LBs will have busy spring, says Jeff Choate

WHILE WSU SIGNED five linebackers this past class, they won't arrive until the summer. Spring Ball on the Palouse, which gets underway March 22, will feature a lonely sideline when it comes to the linebacking corps, assistant coach Jeff Choate tells CF.C. The new linebackers coach under Mike Leach had a lot more to say in a conversation with CF.C…

The linebackers at Washington State look to get plenty of reps during the 15-practice spring drills session, there's simply a lack of able bodies. Starter Sekope Kaufusi, coming off shoulder surgery, and promising frosh Darryl Monroe (Achilles surgery) won't be full participants this spring, says Choate. Two other starting candidates, Louis Bland and C.J. Mizell, left the program earlier this year. And WSU is going to a 3-4, requiring another linebacker.

"We've got two young men rehabbing injuries so we've basically got six guys for three of those spots -- those guys are going to get a lot of reps. The guys that are out, they're going to have to get quality mental reps. But just because we're going to be down a few guys, our expectations are still just as high. The guys that are out there are going to have some sore bodies, but we're absolutely determined to get the most out them," said Choate.

CHOATE IS LISTED as the linebackers coach on the official roster, Paul Volero is listed as the outside linebackers coach. How will that dynamic work at WSU?

"It's going to be great. And the great thing with Paul is that he has a lot of experience coaching on the defensive line. He'll be (primarily) coaching the BUCK, that hybrid outside linebacker… and I'll be with the SAMs, MIKs and WILs," said Choate.

Choate didn't talk much about specific players, ("We haven't seen them play football (live) yet.") but he did provide loads of insight positionally.

In WSU's new 3-4, the BUCK linebacker will be the most apparent change to people familiar with a 4-3. Most notable will be either when the BUCK is rushing the passer or when he is out in space and has responsibilities that extend to the sideline boundary. Some BUCK linebackers at WSU will on occasion have their hand down, but some won't – it depends on the player. Choate also says there are multiple other differences that exist beyond just the BUCK position.

"The SAM has a similar body type to the BUCK but the BUCK is a guy who tops out at 255-260 usually and still has the ability to move well, and also the ability to pass rush," said Choate. "The SAM is a guy who tops out at 225-230 and who can set an edge. He's a little faster, a little more athletic than the BUCK and he has good cover skills.

"The WIL and the MIK, they better be high football IQ guys because they (have more to do pre-snap). Height isn't as important but they have to be great at getting off blocks, still solid in pass coverage. They've got to have great, active hands and they have to be excellent tacklers."

CHOATE DOESN'T ANTICIPATE anyone moving from linebacker to another position this spring but there probably will be guys from other positions getting looks at linebacker.
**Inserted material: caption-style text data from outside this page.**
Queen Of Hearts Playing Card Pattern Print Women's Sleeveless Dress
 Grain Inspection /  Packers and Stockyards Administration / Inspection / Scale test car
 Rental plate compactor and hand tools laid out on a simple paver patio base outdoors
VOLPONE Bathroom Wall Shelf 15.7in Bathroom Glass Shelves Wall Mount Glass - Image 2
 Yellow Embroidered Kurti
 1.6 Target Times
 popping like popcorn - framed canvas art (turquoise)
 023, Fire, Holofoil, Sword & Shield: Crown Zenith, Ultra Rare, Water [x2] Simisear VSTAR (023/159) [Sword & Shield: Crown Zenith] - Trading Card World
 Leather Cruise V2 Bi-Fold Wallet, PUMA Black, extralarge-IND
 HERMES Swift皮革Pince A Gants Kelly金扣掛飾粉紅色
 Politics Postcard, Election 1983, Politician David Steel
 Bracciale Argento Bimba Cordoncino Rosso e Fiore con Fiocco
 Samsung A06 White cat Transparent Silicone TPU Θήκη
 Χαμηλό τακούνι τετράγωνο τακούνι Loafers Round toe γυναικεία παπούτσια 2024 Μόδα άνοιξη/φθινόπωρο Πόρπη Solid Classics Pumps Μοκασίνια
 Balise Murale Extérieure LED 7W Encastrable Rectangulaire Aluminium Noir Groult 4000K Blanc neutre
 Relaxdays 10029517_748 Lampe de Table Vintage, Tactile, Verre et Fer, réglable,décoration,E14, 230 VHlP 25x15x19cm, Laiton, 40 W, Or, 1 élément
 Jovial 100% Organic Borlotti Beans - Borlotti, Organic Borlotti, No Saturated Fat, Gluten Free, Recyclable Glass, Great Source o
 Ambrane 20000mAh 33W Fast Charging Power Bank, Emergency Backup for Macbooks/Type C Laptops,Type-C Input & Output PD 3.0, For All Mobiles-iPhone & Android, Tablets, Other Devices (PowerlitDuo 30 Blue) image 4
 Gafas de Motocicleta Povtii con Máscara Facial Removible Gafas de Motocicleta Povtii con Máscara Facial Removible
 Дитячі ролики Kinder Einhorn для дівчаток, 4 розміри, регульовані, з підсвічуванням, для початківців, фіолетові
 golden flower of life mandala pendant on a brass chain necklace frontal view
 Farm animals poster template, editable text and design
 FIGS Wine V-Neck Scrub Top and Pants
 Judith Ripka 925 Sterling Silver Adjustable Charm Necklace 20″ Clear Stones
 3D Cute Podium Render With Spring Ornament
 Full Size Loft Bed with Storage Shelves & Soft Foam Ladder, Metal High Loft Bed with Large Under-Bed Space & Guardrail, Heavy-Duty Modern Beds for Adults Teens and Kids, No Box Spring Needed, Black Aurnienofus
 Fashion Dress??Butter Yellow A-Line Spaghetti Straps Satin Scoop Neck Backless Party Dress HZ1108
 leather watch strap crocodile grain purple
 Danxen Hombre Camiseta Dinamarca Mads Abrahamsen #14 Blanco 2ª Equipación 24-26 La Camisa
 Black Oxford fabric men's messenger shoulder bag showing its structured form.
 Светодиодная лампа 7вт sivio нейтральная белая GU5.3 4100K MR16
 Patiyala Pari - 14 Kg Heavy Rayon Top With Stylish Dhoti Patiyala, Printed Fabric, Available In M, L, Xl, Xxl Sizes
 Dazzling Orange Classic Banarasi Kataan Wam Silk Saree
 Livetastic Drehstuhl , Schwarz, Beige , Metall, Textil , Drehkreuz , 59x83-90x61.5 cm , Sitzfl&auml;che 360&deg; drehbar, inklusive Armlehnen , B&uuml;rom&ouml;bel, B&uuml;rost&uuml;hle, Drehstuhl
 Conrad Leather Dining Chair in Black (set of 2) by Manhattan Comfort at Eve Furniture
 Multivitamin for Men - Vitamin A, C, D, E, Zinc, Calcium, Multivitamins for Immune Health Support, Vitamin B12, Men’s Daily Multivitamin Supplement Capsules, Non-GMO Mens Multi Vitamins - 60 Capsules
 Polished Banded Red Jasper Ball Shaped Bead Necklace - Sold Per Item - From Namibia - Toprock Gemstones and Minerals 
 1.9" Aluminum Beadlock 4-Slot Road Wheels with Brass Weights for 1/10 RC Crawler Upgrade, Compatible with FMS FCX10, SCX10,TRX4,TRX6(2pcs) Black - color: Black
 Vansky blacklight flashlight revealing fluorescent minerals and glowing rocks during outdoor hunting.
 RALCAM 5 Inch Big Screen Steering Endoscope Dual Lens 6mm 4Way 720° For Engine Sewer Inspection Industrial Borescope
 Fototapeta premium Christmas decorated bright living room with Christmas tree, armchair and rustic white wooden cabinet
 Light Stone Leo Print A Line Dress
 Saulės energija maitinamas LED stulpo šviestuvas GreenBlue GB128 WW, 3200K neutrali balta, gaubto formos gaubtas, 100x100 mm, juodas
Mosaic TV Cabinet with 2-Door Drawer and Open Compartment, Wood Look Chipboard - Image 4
It's important to note just because a player moves to linebacker in say, week two of the spring, it doesn't necessarily mean that move is permanent.

"We may see a big safety come in at the SAM linebacker, and then he's going to be able to compete at that spot. Or a fullback comes in – we're going to be able to see them play and what they can do. We had the Midnight Maneuvers but we haven't been able to see these guys play football yet. We're going to need to see them and what they do... After the first week of spring ball, you might see some shuffling, we'll see," said Choate.

CHOATE SAID HE plans to drill fundamentals early and often with his group this spring.

"Pursuit, leverage, blow delivery, block escape and tackling -- that's what defense is about," said Choate. "…I think I'm a high energy guy, I think a bring a lot of experience as a teacher. My kids are going to play with a great deal of (energy) and first and foremost I want them to have a great experience at Washington State.

"My No. 1 goal this spring is to instill our defensive credo -- play hard, play smart, play fast, play together. That all starts with tremendous effort. Pursue the ball relentlessly. I want to instill the mentality and the high standard of play we're going to exhibit. And then we have a new (3-4) defensive scheme (to teach)."

THE DEFENSE IS generally ahead of the offense to start spring drills or a fall camp – as the offense works to get their timing down. But Choate said there might be a role reversal this year on the Palouse.

"I think the (learning process) will be more involved for the linebackers than it will be for other positions this spring," said Choate. "In a multiple 3-4, those linebackers have got to understand a lot more about what's going on both behind them and in front of them. There is a lot more going on pre-snap communication-wise than what it has been.

"In the spring, the defense usually has that advantage early on but that might be a little bit the other way around this time. But hopefully as spring goes along, they start to play faster, and that will equate to good results. That's what we want, for them to play faster as the spring goes on."